J : Je pense que ça s’est fait un peu tout seul, on recherchait un type de son, et dans tout ce qu’on aimait, il y avait une sensibilité, du romantisme, même si c’est pas vraiment le terme exact. Quelque chose qui vient du cœur.
DJ : C’est juste de superbes petites chansons, qu’on pourrait difficilement classer en disant : "Ça c’est de la new wave, ça c’est de la bossa." Ce sont des morceaux qui sont dans le flou artistiquement mais qui sont vraiment attachants, intemporels, et qui prennent le dessus sur l’aspect vintage ou rare.
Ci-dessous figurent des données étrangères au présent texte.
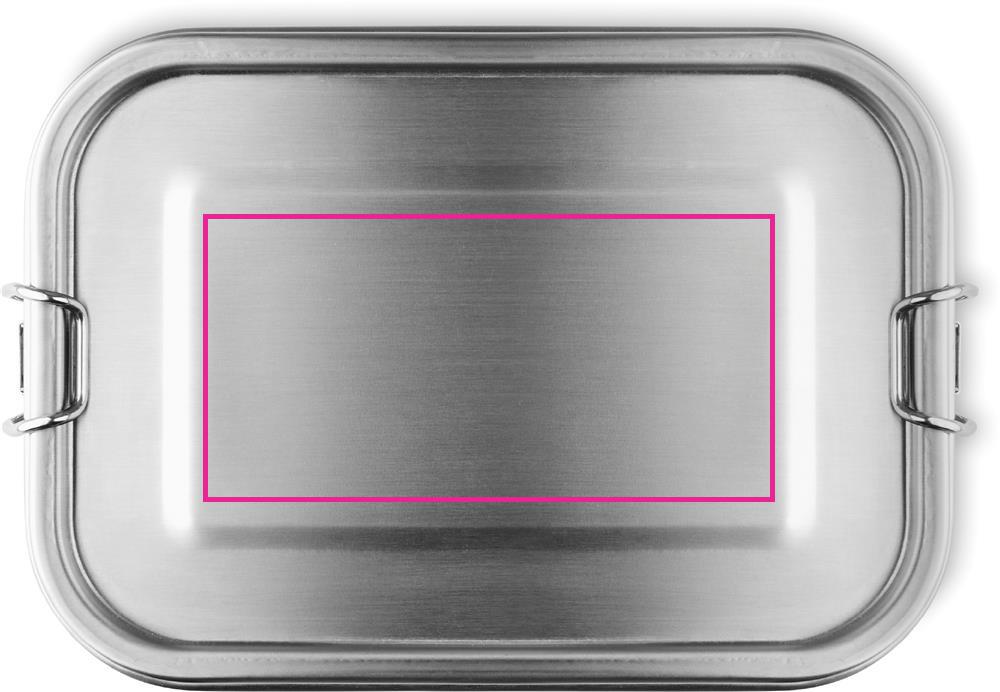 LID LASER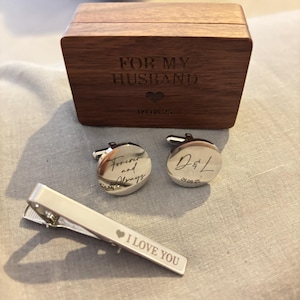 Lucy added a photo of their purchase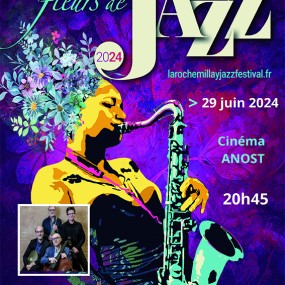 20240629_Cine-Concert-Anost.jpg, juin 2024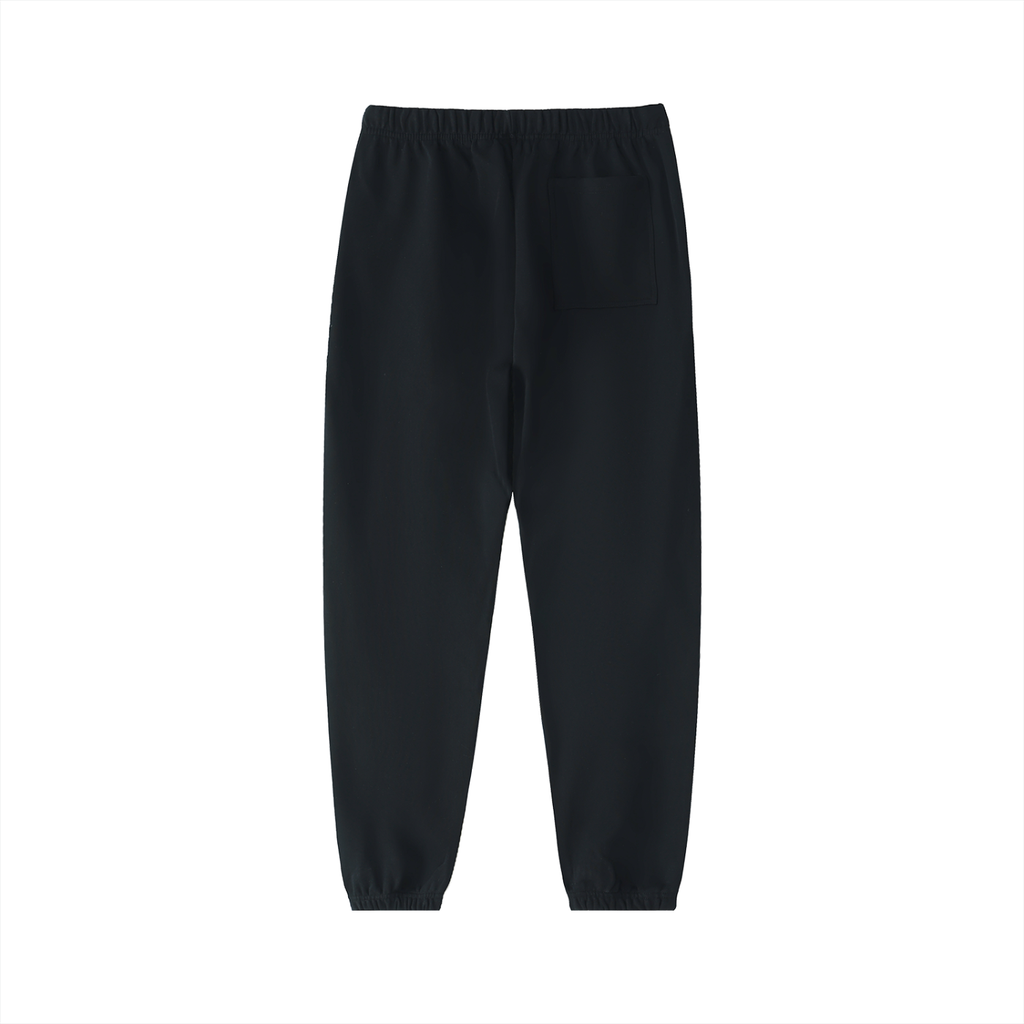 Fitversal ORIGIN™ Heavyweight Sweatpants – product view 2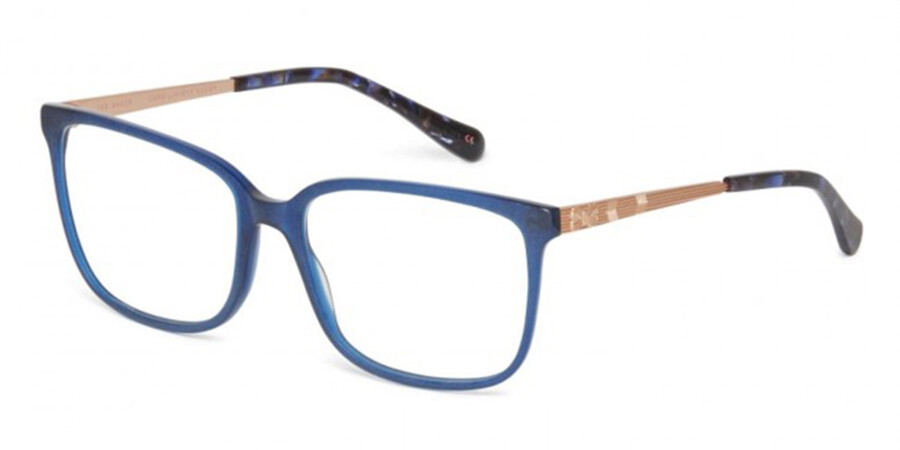 Ted Baker TB9163 Dinah 608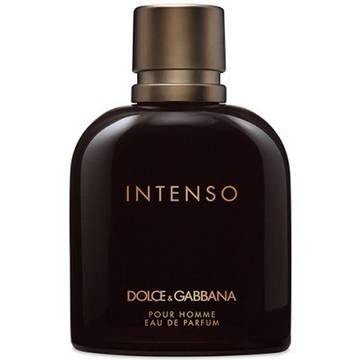 Dolce &amp; Gabbana Intenso Eau De Parfum 200ml
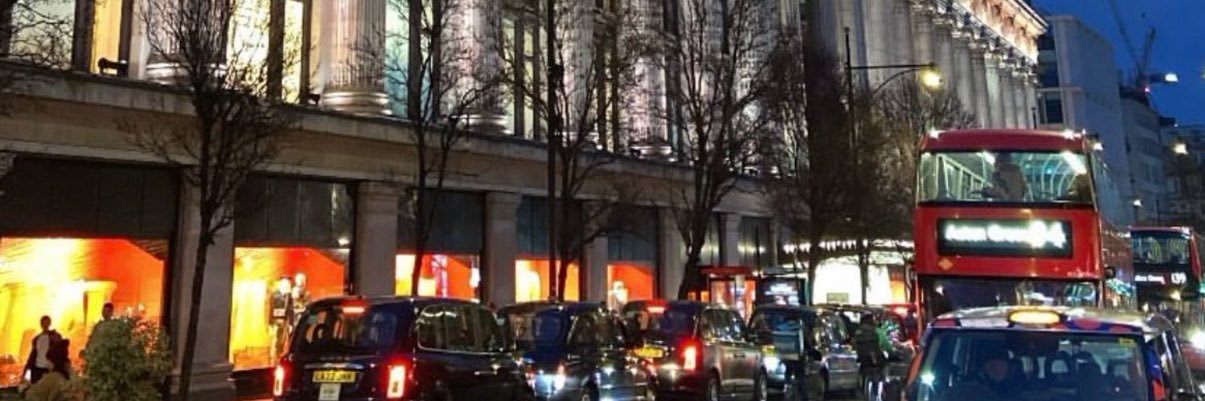 ailx74's profile banner image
J : On ne s’est pas dit on va mettre ce morceau parce qu’il est rare, ou cher. Après on a cherché à mettre des choses que les gens ne connaitraient pas, mais il fallait quelque chose qui touche, avec un critère d’accessibilité.
DJ : C’était aussi des morceaux qu’on avait depuis longtemps de côté, qu’on adorait vraiment et qui ont mûri.
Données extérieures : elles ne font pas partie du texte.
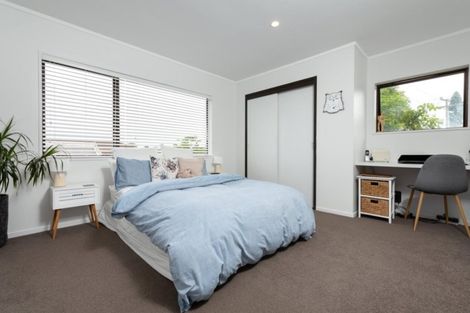 Photo of property in 9 Jefferson Place, Brookfield, Tauranga, 3110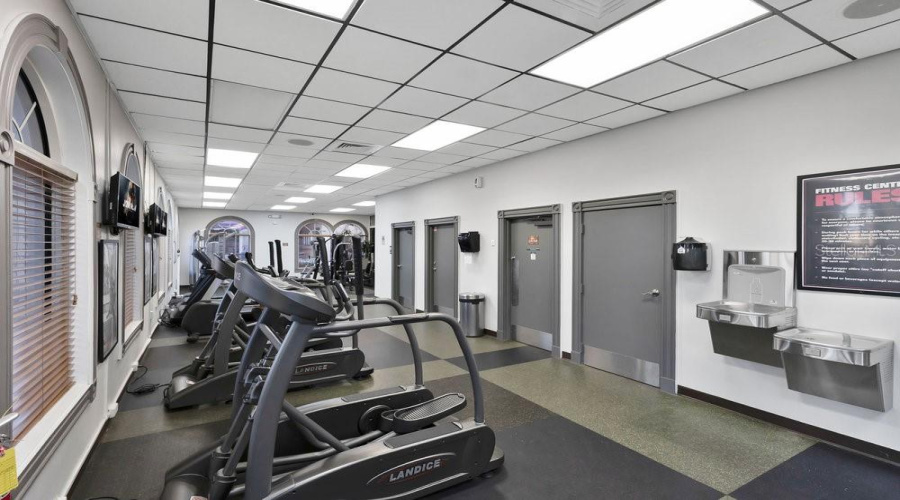 DAVENPORT, Florida 33897, 4 Bedrooms Bedrooms, ,3 BathroomsBathrooms,Residential,For Sale,CALABRIA,0,MFRL4957965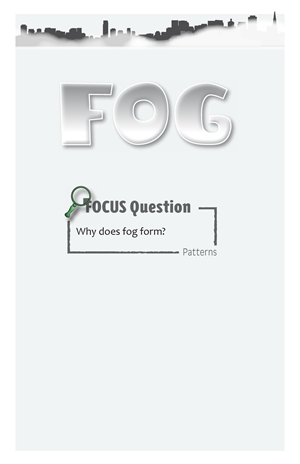 G3-4 64 Fog-Low -- 绘本听读宝在线台词全文
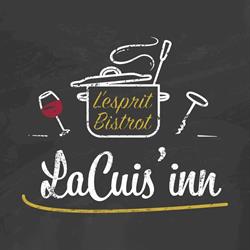 Lacuis'inn, Mauguio - Horaires d'ouverture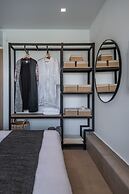 TAF Beach Villas with Tesla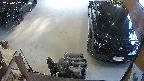 yotec5-20250602174059.jpg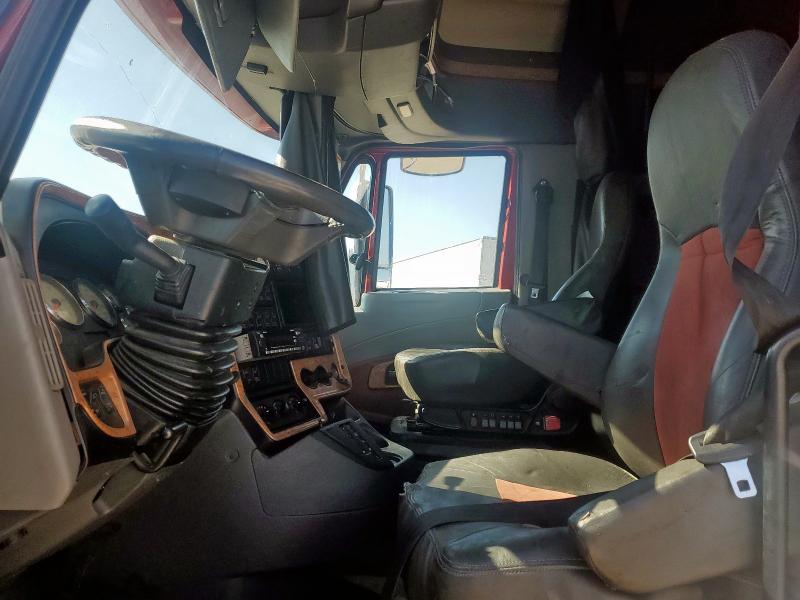 2015 INTERNATIONAL PROSTAR #3248556544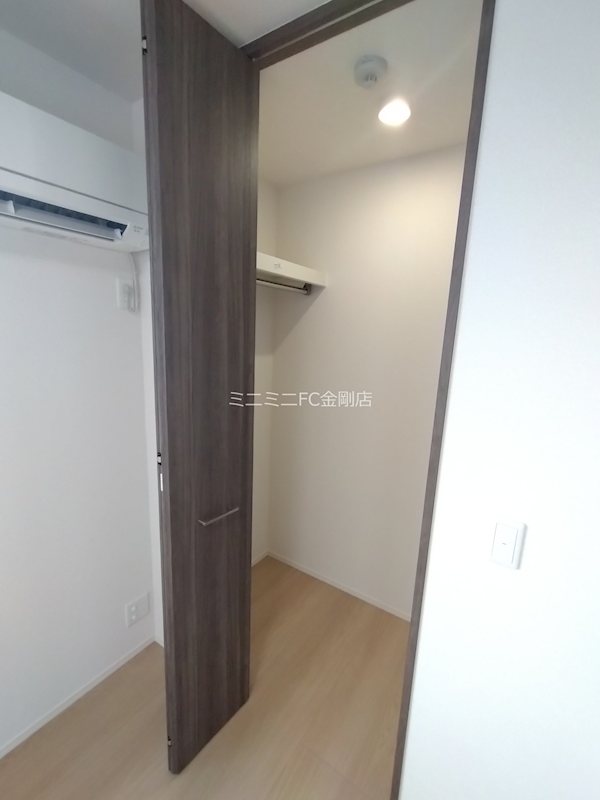 クレマチス その他26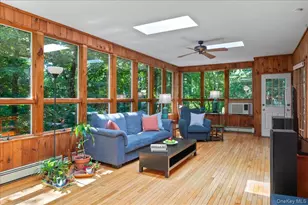 55 Argyle Rd, Scarsdale, NY 10583 - Photo 19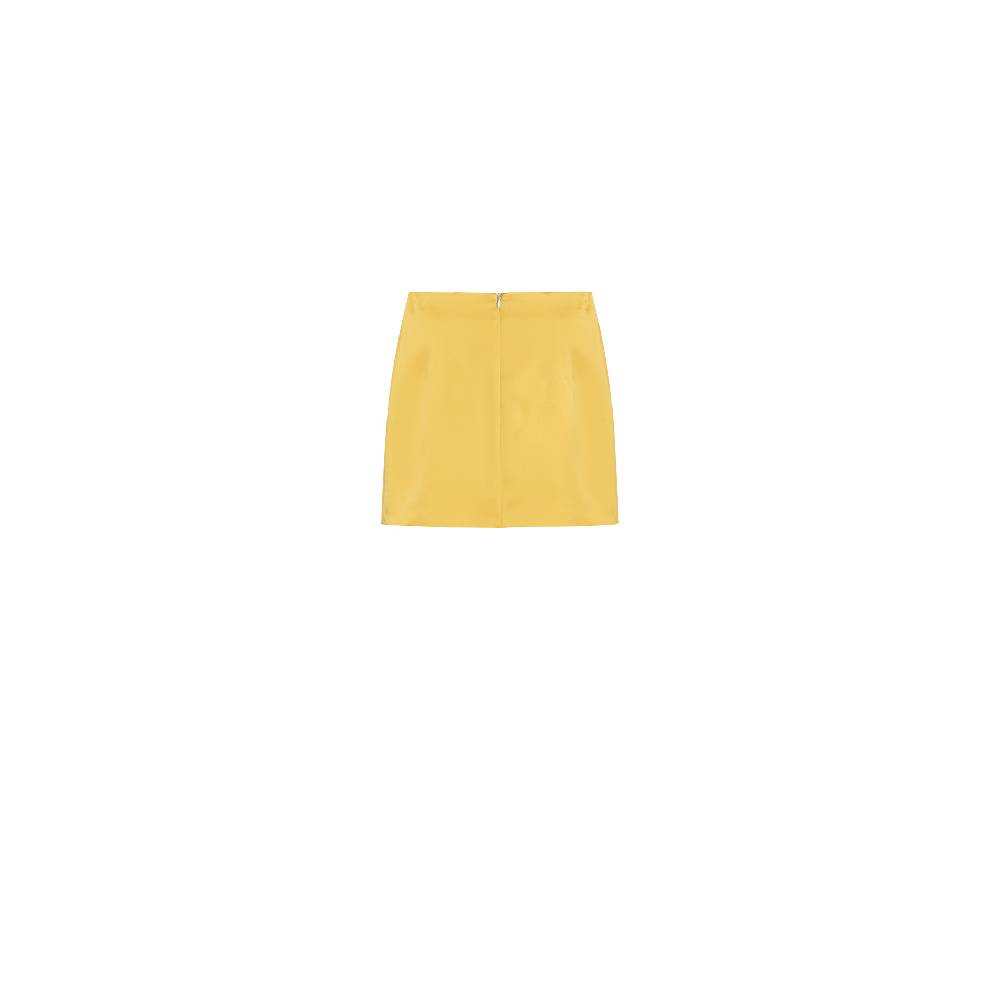 Nineminutes LUNAIRE – THE MINI DOUBLE MANGO Saldi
J : Il y a pas mal de morceaux que j’associe à des personnes.
DJ : Ce sont des choses très intimistes, presque susurrées par moments. C’est une manière hyper jolie et fragile de chanter. C’est pas des trucs très enlevés ou très orchestrés, ça repose sur pas grand-chose, mais il y a une petite magie qui s’opère. Ce serait pas mal d’arriver à mettre des mots dessus, mais c’est très personnel et ça fonctionne de manière presque magique.
J : Ca raconte un peu une histoire, un peu comme une mixtape que tu ferais adolescent, pour une meuf que t’aimes bien ou pour ton amoureuse. Il y a un côté comme ça, mes morceaux préférés où tu essayes de faire ressortir des choses qui te parlent vraiment.
C’est une compilation avec des artistes très différents, qui se transforme en album.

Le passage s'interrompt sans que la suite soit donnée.